Ambassador of Bangladesh to Russia
- Incumbent
- Assumed office 20 June 2025
- Preceded by: Kamrul Ahsan

Ambassador of Bangladesh to Qatar
- In office February 2023 – July 2025
- Preceded by: Md. Jashim Uddin
- Succeeded by: Mohammad Hazrat Ali Khan

Ambassador of Bangladesh to Ethiopia
- In office 21 March 2021 – 26 January 2023
- Preceded by: Md. Monirul Islam
- Succeeded by: Sikder Bodiruzzaman

Personal details
- Education: University of Dhaka (MS)

= Md. Nazrul Islam (ambassador to Ethiopia) =

Md. Nazrul Islam is a Bangladeshi diplomat and incumbent ambassador of Bangladesh to Russia since June 2025. He previously served as an ambassador to Ethiopia and Qatar.

==Early life==
Islam completed his master's in international relations from the University of Dhaka.

==Career==
Islam joined the 15th batch of Bangladesh Civil Service as a foreign affairs cadre.

Islam was the Deputy Permanent Representatives of Bangladesh to the United Nations in Geneva and Vienna.

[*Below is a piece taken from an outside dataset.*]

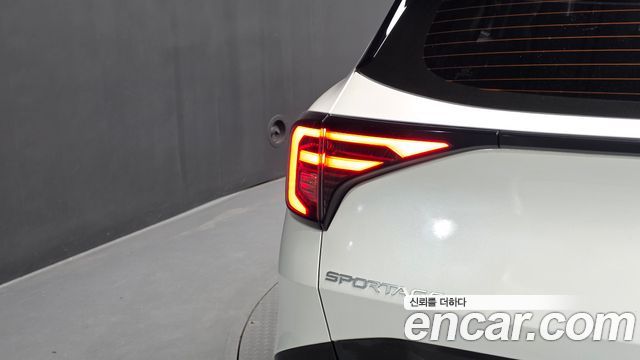 Kia Sportage 2025 — photo 9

Islam was the Director General of the Multilateral Economic Affairs Wing in the Ministry of Foreign Affairs in 2020. He was appointed the Ambassador of Bangladesh to Ethiopia in September 2020. He was also the Permanent Representative of Bangladesh to the African Union and Permanent Representative of Bangladesh to the United Nations Economic Commission for Africa. In October 2022, Islam was appointed the ambassador of Bangladesh to Qatar replacing Ambassador Md. Jashim Uddin. Sikder Bodiruzzaman replaced Islam as the Ambassador of Bangladesh to Ethiopia.